### Required work
Your copy starts at the line containing "1952 C1740-001 Framed" and ends at the last line of the material below. Reproduce those lines exactly, with no pictures.

### Dataset content
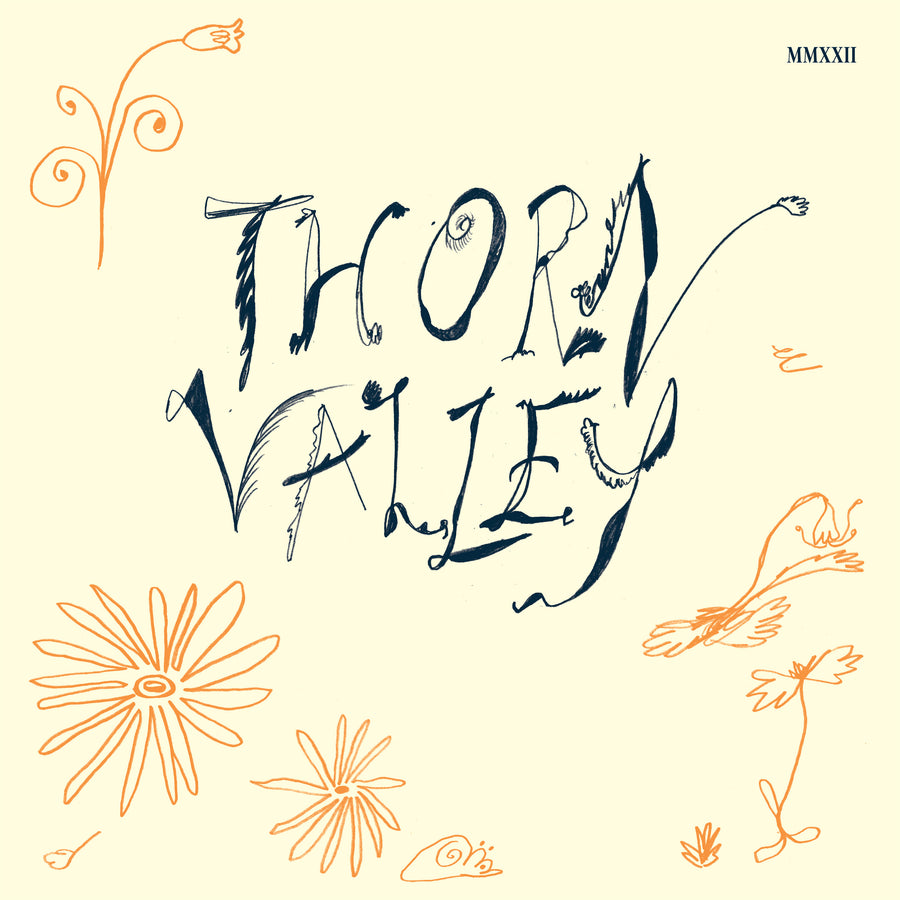 Various – Thorn Valley 2LP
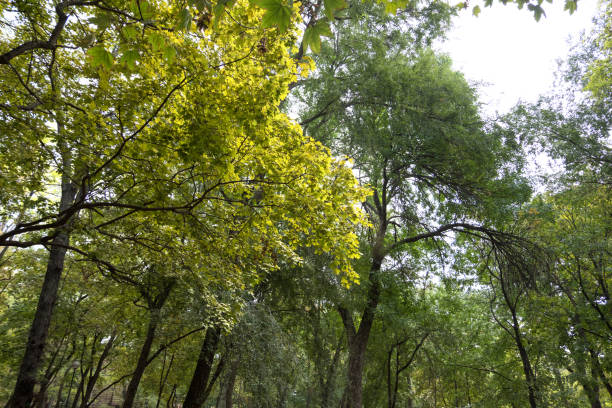 istock view of the sky through the foliage 1042034808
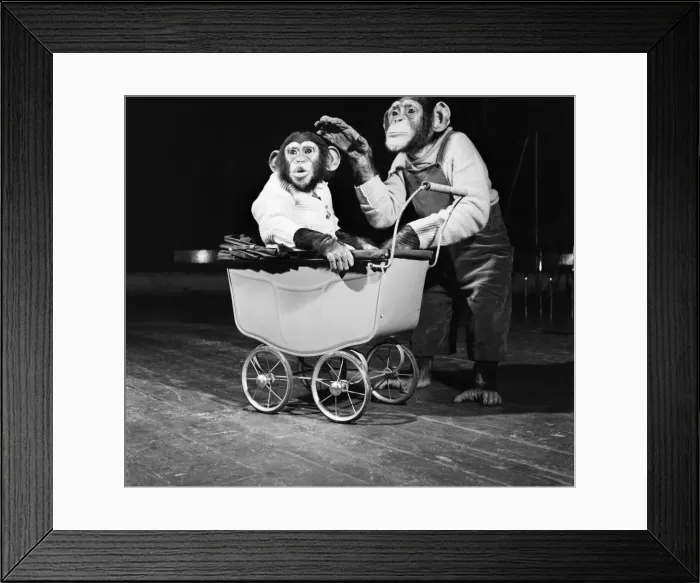Framed Print : Bobo & Pepe the chimps. April 1952 C1740-001 Framed Print : Bobo & Pepe the chimps. April 1952 C1740-001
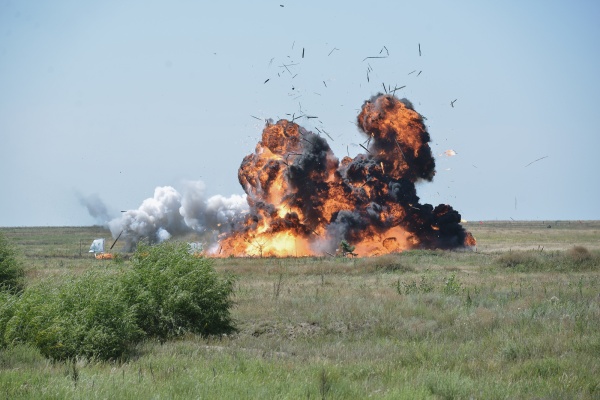 После пожаров на военном полигоне Погоново под Воронежем возбуждено два уголовных дела 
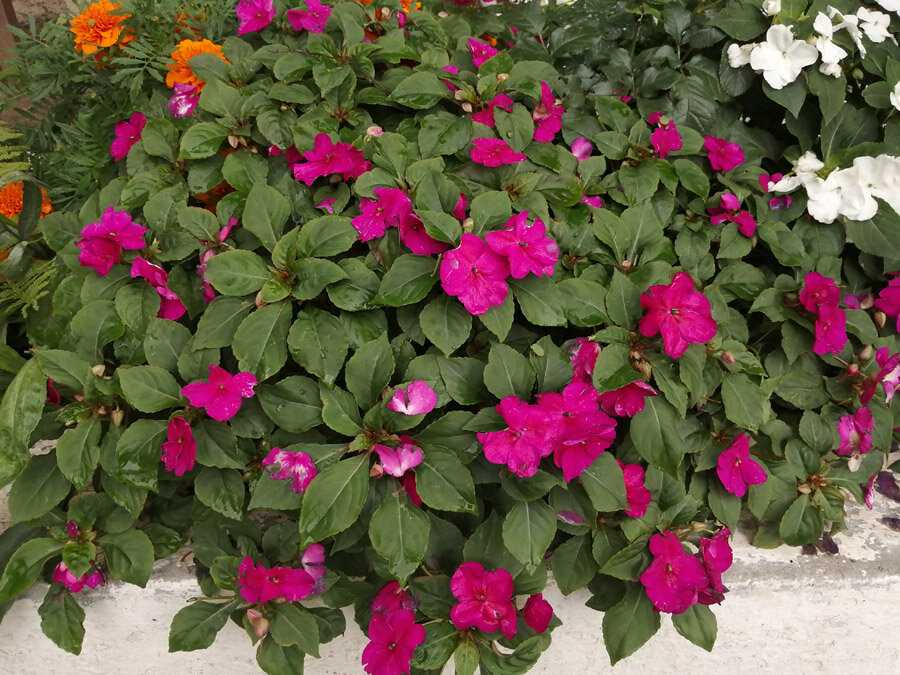 8 неприхотливых огородных культур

### Response to the task
Framed Print : Bobo & Pepe the chimps. April 1952 C1740-001 Framed Print : Bobo & Pepe the chimps. April 1952 C1740-001
 После пожаров на военном полигоне Погоново под Воронежем возбуждено два уголовных дела 
 8 неприхотливых огородных культур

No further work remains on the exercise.